Step 4: Monitoring Your Model While It Trains

Once your training starts, you'll notice that, every 50 training steps, a new log appears below the cell with the red text. This is your training log, and it's the information that gets saved in the log(n).txt files. There's a lot of values in this log, and I'm not even going to pretend I know what all of them mean. I just focus on two values: Loss and MSE.

Again, I don't pretend to be able to explain what these values measure, exactly (you can google it if you're curious and a math person), but the basic goal of training is to get each of these numbers as close to 0 as possible without over-training your model. Over-training is what happens when your model fits too well to the dataset and starts spitting out images very close to or identical to images it trained on. We do not want this. What we want is a model that produces novel images that could have come from the training data.

The LSUN checkpoint that we begin training from is used because it has a really low score already, meaning that, hopefully, you'll have less work getting your model to this point. When your model starts, the Loss/MSE will be around .02. In the example below, I've gotten each down to a much lower number.

Screen Shot 2022-06-28 at 9.03.32 PM.png

Numbers are all well and good, but sometimes seeing what your model is capable of producing is the most fun--and helpful. To do this, we'll use Alex Spirin's fork of Disco Diffusion v 5.2, which allows us to load a custom model from Drive into Disco.

To load your custom model into the notebook, make sure you connect to the same Google drive account as you did with the fine-tuner. Once connected, you'll want to copy the path of your most recent ema checkpoint (NOT model, like we did above when restarting from a saved .pt). Scroll down to "2. Diffusion and CLIP model settings", expand the cell, select "custom" from the drop-down menu, paste your checkpoint path in placee of the default one, and your model should load when you run the notebook!

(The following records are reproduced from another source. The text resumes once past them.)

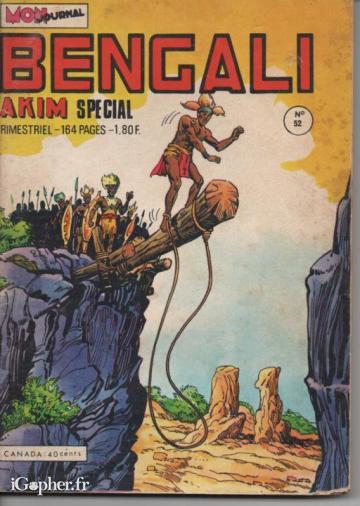 BD "Bengali" (Akim Spécial) N° 52 (Septembre 1973)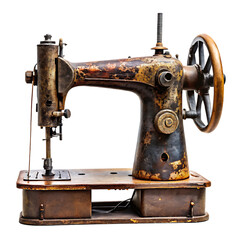 vintage sewing machine - obrazy, fototapety, plakaty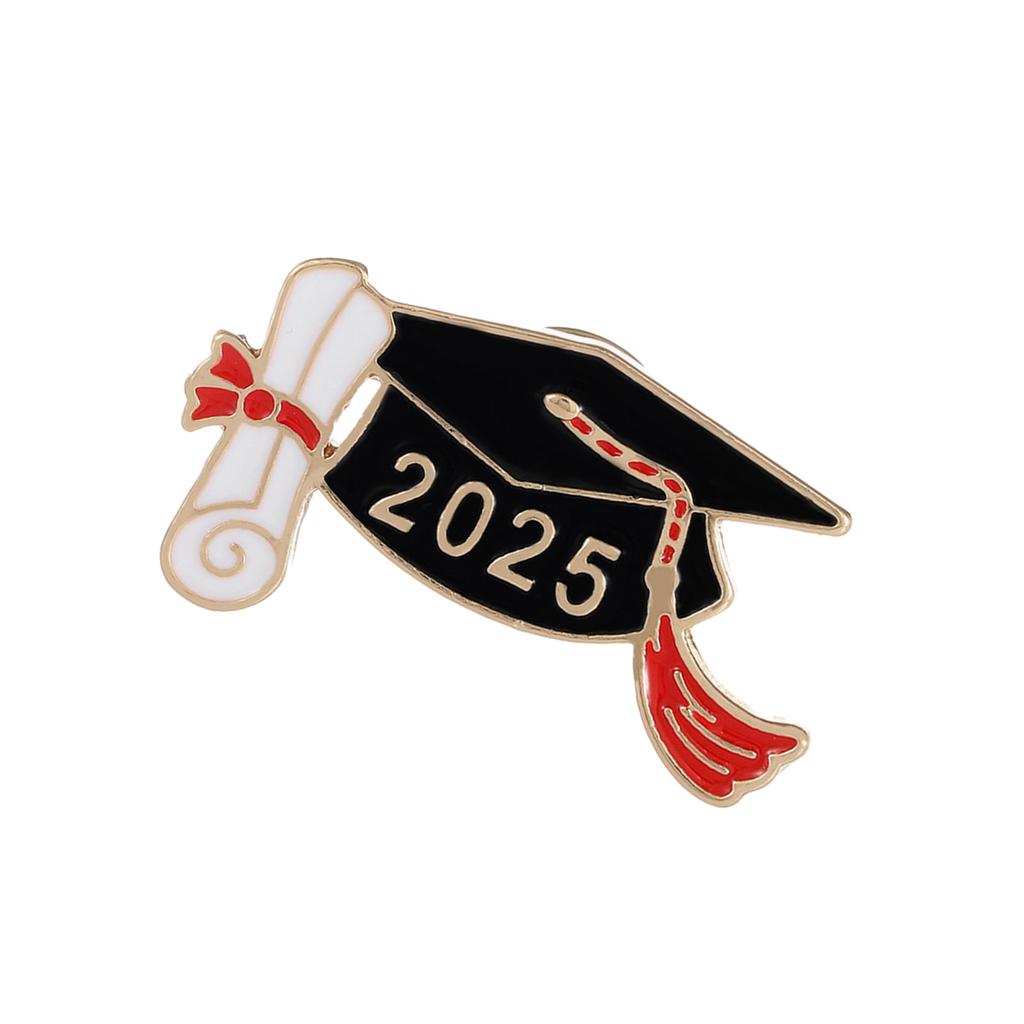 Premium Alloy Graduation Hat Brooch Classic Graduation Hat Brooch for Alumni Gatherings and Keepsake Collections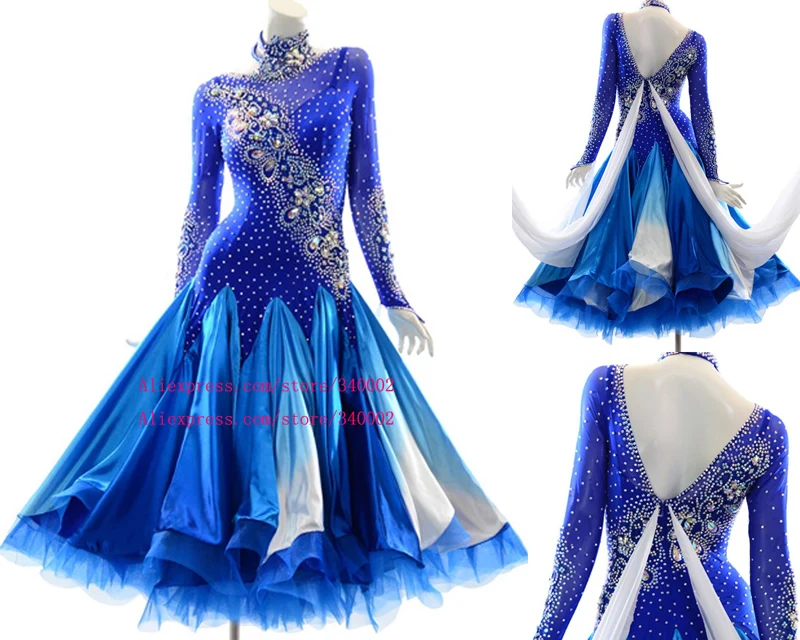 Standard Ballroom Dance Dresses Women 2021 High Quality Elegant Royal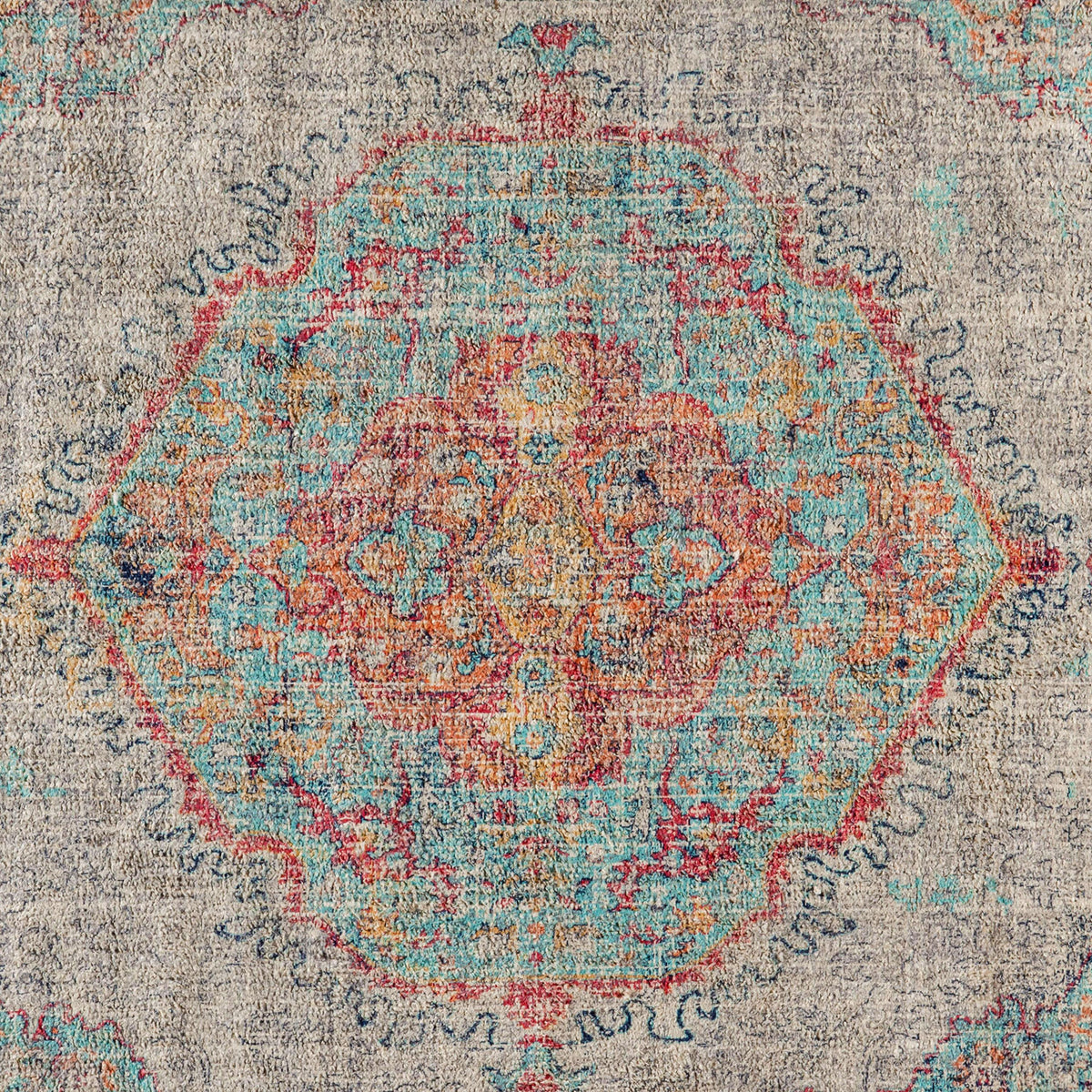 Patchwork Multi Medallion Rug Vintage Medallion Area Rug RC-EG202RUG-DM- – BizChair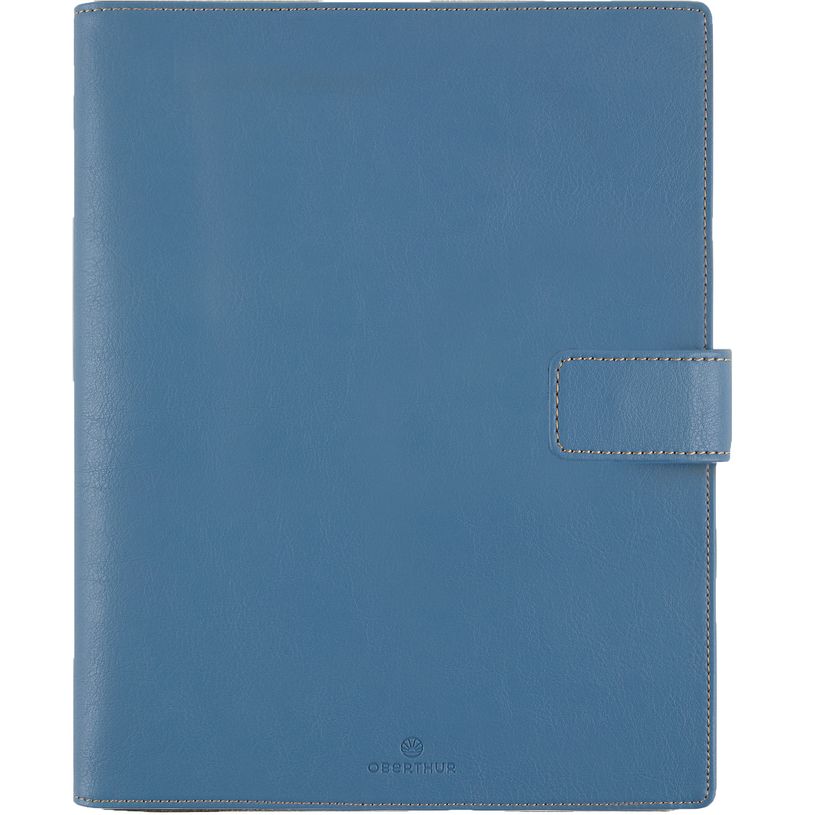 3664447211152-Organiseur Milano - 19 x 23 cm - bleu denim - Oberthur--0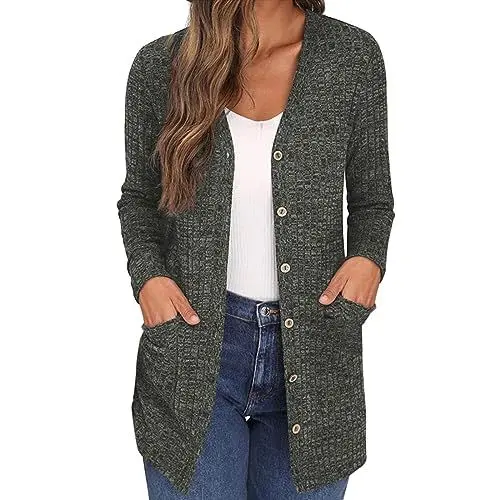 Produktbild: Generisch Ladies Jacket Winter Sale, Bestellung Verwalten, Softshelljacke Für Damen Winterjacke Mantel Damenbekleidung Strickjacke Damen Schwarz Knopfleiste, Damen Lange Jacke Winter Sale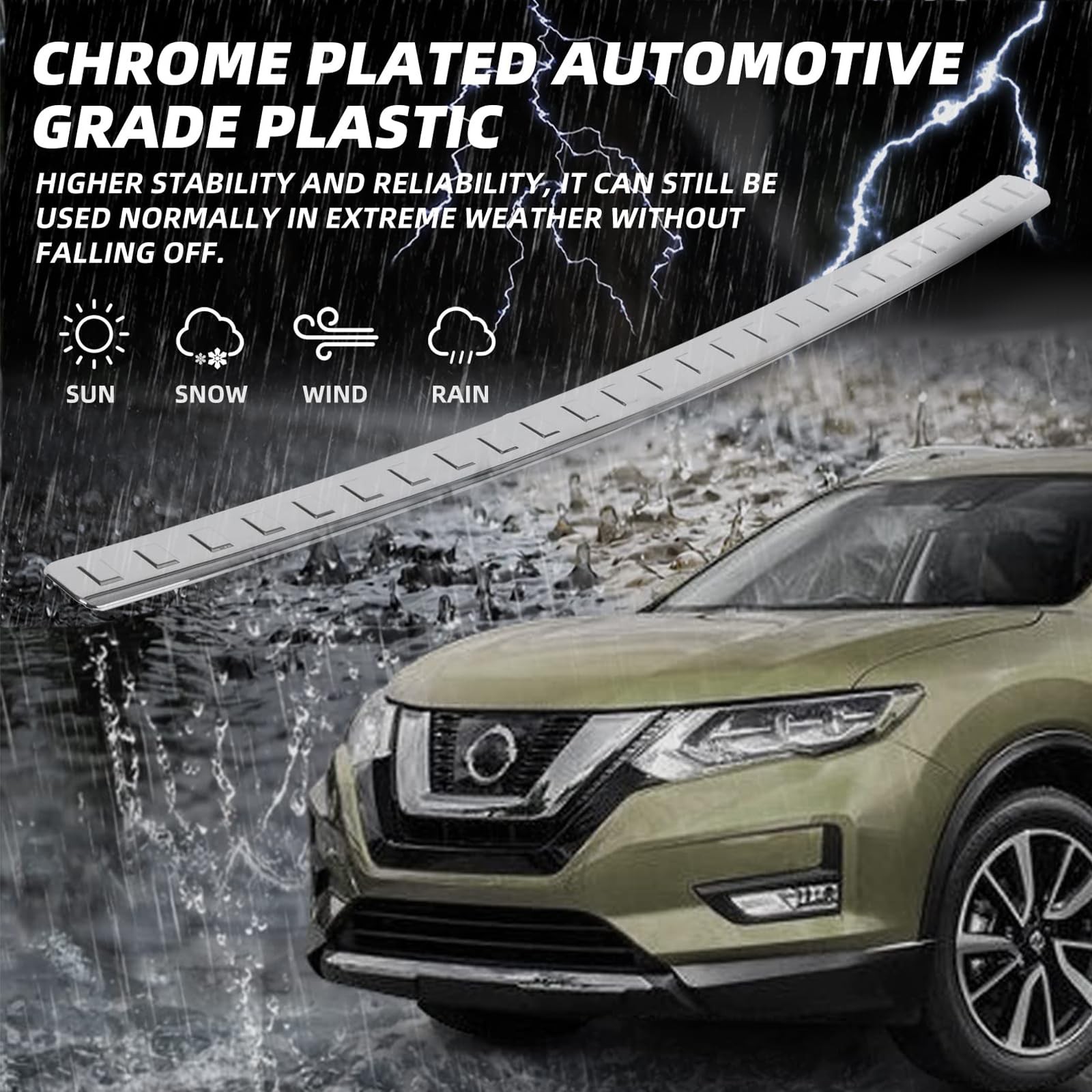 ECOTRIC Rear Bumper Guard Cover Pad Compatible with 20142020 Nissan Rogue 999…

Screen Shot 2022-06-28 at 9.18.16 PM.png

You can use this to check on your new .pts as they're created, and before you know it, you'll have your own, fully-trained diffusion model!


That's really all there is to training your own custom diffusion model! It's really not as daunting a task as it may seem from the outset; that being said, if you have questions or if you run into issues, don't hesitate to reach out. I can't wait to see what everyone creates!

If you found this guide useful, please feel free (but in no way obligated) to sign up for my Patreon or follow me on Twitter if you haven't already--I'm always up to some sort of AI art stuff on both!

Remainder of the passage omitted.